[14611] in bugtraq
Re: DOS attack against HP JetDirect Printers (fwd)
daemon@ATHENA.MIT.EDU (Gwendolynn ferch Elydyr)
Fri Apr 21 14:34:36 2000
Mime-Version: 1.0
Content-Type: TEXT/PLAIN; charset=US-ASCII
Message-Id: <Pine.BSF.3.96.1000420221252.6343m-100000@komodo.reptiles.org>
Date: Thu, 20 Apr 2000 22:17:15 -0400
Reply-To: Gwendolynn ferch Elydyr <gwen@REPTILES.ORG>
From: Gwendolynn ferch Elydyr <gwen@REPTILES.ORG>
X-To: Alfred Huger <ah@SECURITYFOCUS.COM>
To: BUGTRAQ@SECURITYFOCUS.COM
In-Reply-To: <Pine.GSO.4.21.0004200844560.1300-100000@mail>
On Thu, 20 Apr 2000, Alfred Huger wrote:
> In case anyone is interested, scanning HP printers with
> tools such as nmap will cause the printer to lock up hard.

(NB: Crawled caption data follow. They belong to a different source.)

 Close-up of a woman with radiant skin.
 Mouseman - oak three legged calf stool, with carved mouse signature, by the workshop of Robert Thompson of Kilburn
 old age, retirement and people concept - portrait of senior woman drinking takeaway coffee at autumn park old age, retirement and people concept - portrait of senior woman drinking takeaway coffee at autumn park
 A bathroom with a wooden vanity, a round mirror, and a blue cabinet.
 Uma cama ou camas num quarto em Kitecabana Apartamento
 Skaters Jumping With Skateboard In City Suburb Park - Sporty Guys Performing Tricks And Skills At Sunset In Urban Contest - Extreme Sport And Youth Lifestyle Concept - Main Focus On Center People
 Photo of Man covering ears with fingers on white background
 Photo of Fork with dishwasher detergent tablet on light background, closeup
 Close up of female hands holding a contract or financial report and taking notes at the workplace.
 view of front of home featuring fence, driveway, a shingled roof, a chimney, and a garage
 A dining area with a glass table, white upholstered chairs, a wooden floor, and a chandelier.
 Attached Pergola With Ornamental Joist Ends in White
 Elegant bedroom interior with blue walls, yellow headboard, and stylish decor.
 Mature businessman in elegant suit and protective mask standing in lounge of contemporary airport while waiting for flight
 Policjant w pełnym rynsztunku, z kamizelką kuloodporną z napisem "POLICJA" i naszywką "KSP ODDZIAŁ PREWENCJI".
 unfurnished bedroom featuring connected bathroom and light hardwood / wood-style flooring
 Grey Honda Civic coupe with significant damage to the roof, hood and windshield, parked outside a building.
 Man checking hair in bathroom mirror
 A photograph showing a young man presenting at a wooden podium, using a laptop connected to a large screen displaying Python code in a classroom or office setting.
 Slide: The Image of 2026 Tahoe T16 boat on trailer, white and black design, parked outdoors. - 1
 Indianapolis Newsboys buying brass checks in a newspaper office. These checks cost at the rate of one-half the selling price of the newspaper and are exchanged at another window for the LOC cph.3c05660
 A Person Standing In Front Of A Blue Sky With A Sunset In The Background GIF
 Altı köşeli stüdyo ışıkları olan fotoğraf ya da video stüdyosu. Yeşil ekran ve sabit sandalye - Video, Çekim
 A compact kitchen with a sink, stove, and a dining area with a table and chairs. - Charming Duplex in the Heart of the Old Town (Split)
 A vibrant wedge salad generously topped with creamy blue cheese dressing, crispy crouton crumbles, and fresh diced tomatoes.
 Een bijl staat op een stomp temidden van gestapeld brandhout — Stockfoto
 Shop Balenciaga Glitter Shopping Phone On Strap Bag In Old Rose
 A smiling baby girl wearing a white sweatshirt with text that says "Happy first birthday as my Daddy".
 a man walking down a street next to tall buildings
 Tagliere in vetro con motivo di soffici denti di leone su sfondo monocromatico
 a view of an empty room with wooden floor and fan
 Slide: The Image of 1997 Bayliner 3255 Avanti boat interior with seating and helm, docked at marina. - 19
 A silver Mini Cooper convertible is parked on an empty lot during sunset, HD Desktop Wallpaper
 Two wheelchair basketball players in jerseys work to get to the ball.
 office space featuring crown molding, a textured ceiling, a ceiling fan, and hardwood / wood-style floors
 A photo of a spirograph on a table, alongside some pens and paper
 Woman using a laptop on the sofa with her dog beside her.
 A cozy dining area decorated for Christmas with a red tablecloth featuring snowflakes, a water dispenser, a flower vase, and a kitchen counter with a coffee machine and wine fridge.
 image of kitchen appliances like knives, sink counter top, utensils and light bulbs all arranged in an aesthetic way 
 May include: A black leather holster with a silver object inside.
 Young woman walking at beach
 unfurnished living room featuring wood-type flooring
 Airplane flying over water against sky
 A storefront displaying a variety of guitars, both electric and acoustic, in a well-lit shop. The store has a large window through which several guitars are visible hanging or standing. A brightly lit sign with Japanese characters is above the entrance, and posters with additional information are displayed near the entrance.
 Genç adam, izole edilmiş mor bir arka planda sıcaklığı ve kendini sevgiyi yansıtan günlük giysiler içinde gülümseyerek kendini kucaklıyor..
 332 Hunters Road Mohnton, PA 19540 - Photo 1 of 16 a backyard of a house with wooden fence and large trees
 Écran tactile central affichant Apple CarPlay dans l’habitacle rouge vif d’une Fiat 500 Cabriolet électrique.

> I discovered this while trying to diagnose a connection
> problem we were having with a printer.
> I've verified this with at least the following versions of
> JetDirect:
>
> Firmware Rev. : A.08.06
> Firmware Rev. : G.08.03
> Firmware Rev. : G.07.17
> Firmware Rev. : G.07.03
>
> I haven't been able to establish the exact communications
> causing the lockup; someone with more experience than I
> should check this out.
>
> Any network accessable printer can be put out of service
> with a simple nmap -sT -PT HP.printer.tcp.ip
> A power cycle is required for reset.
This sounds like it might be related to an older bug in the JetDirect
cards - about 3 years ago, simultanious connections to a JetDirect card
would cause the card to lock up, with the only recourse being a power
cycle of the printer.
Multiple (2+) TCP connections would trigger this, as would AppleTalk/TCP.
I haven't checked it in a couple of years, but it was certainly persistant
through multiple revs of the JetDirect cards.
cheers!
==========================================================================
"A cat spends her life conflicted between a deep, passionate and profound
desire for fish and an equally deep, passionate and profound desire to
avoid getting wet. This is the defining metaphor of my life right now."